Commissioner Bud Selig stayed on message regarding the state of the Mets, once again reiterating his support of the Wilpon family, even as the franchise deals with financial questions in the aftermath of the Bernard Madoff lawsuit, which was settled in March.
"I have no concerns whatsoever," Selig said Wednesday when asked about the team's financial health.
With the offseason looming, and with approaching negotiations to keep David Wright with the franchise long term, it's unclear whether the Mets can afford to raise payroll from $95 million.
Nevertheless, Selig said he's "very confident" that the franchise is on the right track.
The Mets' owners agreed to pay back over five years $162 million in fake profits they received from the Ponzi scheme. Their net obligation could be much less than that amount, because Picard agreed to allow Wilpon and his partners to file a claim for $178 million lost in the fraud and to use that amount to offset what they owe. Shortly after, the Mets completed the sale of 12 minority shares of the team for $240 million and repaid $65 million in loans.
"I have a lot of faith in the Wilpons," Selig said. "I have a lot of faith in [general manager] Sandy Alderson."
Selig also addressed the Mets during a taping for the YES Network's "CenterStage." In a wide-ranging interview with host Michael Kay, the commissioner touched on why he showed patience with the Mets while intervening when the Dodgers encountered financial struggles of their own under former owner Frank McCourt.
"Yes, I have great affection and respect for the Wilpons, there's no doubt about that," Selig said. "But I felt, studying all the issues, that the Mets could make it, that the Mets could survive. After all, they were the unfortunate victims of a really difficult financial scandal as you well know. That put pressure on them.
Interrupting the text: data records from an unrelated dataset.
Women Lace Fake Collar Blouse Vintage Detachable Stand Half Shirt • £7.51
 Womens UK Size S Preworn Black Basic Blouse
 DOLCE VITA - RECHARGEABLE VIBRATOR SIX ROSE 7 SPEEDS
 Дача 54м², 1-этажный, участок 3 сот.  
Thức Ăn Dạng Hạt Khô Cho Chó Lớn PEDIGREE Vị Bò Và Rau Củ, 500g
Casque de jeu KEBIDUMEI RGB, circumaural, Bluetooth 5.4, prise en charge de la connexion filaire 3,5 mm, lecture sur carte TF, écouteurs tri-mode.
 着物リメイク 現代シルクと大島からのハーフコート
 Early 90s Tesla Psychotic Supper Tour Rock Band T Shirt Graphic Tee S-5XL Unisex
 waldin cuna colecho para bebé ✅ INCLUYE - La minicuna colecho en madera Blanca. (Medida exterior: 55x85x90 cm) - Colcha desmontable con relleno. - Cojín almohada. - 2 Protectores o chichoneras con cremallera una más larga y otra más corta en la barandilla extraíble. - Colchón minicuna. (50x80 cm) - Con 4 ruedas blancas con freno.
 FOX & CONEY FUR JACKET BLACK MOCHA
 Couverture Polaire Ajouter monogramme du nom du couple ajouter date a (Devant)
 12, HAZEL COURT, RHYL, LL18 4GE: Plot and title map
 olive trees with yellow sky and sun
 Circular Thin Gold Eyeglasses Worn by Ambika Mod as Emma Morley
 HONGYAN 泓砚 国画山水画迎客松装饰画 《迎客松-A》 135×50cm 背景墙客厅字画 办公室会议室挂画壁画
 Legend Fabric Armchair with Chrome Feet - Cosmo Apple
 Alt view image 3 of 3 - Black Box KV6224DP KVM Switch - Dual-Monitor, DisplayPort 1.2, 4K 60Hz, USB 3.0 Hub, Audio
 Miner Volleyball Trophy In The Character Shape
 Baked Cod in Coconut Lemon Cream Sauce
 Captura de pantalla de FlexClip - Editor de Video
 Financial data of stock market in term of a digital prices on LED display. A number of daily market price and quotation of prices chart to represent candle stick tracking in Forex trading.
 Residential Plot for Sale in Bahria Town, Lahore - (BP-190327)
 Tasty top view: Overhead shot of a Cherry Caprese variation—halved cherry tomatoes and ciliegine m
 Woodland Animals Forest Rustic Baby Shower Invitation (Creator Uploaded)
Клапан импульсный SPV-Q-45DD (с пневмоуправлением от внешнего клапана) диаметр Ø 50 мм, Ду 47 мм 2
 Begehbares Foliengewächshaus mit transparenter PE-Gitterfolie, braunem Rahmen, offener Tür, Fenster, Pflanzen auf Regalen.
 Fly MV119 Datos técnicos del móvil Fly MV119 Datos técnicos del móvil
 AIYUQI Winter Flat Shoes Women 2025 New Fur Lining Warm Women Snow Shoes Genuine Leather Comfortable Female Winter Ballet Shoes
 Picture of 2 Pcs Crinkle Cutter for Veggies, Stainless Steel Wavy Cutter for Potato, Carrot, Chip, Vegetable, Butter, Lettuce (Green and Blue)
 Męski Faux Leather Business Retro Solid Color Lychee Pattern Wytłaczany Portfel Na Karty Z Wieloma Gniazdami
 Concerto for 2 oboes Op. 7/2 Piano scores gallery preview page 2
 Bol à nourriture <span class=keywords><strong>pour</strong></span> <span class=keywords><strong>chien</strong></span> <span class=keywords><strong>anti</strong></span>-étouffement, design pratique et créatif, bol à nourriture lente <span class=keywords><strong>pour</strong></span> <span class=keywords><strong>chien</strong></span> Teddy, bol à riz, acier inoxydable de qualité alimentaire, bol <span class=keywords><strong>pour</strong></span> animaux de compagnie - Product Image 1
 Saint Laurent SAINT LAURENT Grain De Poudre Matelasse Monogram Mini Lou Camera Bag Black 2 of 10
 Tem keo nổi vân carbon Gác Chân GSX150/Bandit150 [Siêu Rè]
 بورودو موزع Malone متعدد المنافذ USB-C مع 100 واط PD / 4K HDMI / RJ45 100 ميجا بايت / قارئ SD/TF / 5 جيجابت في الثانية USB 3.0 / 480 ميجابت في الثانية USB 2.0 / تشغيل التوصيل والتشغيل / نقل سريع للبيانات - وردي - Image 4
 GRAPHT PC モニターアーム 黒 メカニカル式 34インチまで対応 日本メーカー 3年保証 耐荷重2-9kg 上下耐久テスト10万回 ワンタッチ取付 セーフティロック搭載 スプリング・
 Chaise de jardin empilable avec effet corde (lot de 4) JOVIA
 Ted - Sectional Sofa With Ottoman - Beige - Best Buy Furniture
But they had the respect of everybody in the game. They also had the financial power to work their way through it. I realized it would be in baseball's best interest to have patience."
While the Mets remain in the Wilpons' control, McCourt eventually sold the Dodgers to a group headlined by Magic Johnson for more than $2 billion.
"The story's had a happy ending," Selig said during the interview, which will be broadcast at 11 p.m. next Thursday on YES.
After the taping, Selig was asked if he thought the Mets' situation also concluded with a happy ending.
"I don't consider the Mets a problem in any way, shape or manner," he said. "They're on the right track. That should give you your answer."